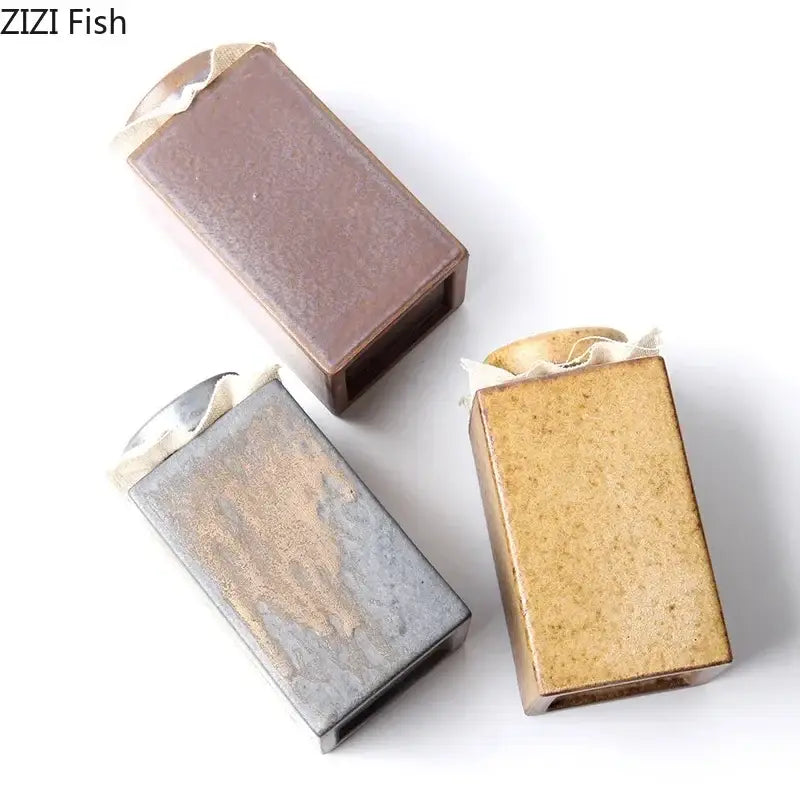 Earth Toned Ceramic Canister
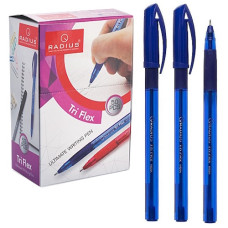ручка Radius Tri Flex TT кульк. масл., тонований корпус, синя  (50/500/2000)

##############################

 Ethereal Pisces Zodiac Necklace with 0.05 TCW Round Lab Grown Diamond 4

##############################

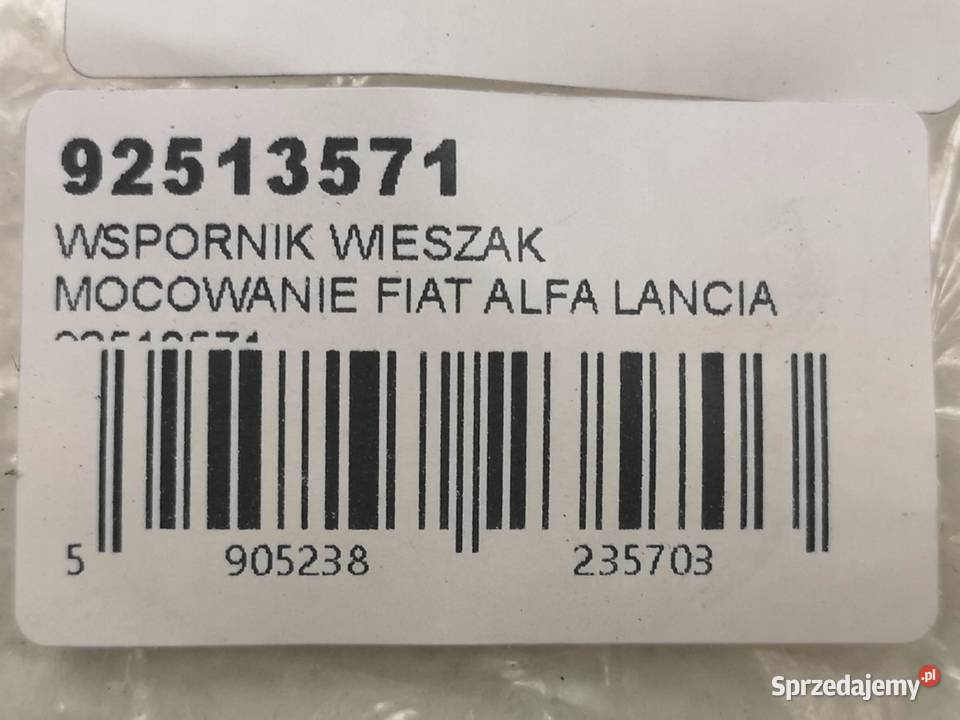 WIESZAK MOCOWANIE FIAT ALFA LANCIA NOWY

##############################

### WHAT THE EXERCISE ASKS
Using the entries above, transcribe exactly from the line that has "Earth Toned Ceramic Canister" through the line that has "ручка Radius Tri". Pictures are dropped.

### SOLUTION
 Earth Toned Ceramic Canister
ручка Radius Tri Flex TT кульк. масл., тонований корпус, синя  (50/500/2000)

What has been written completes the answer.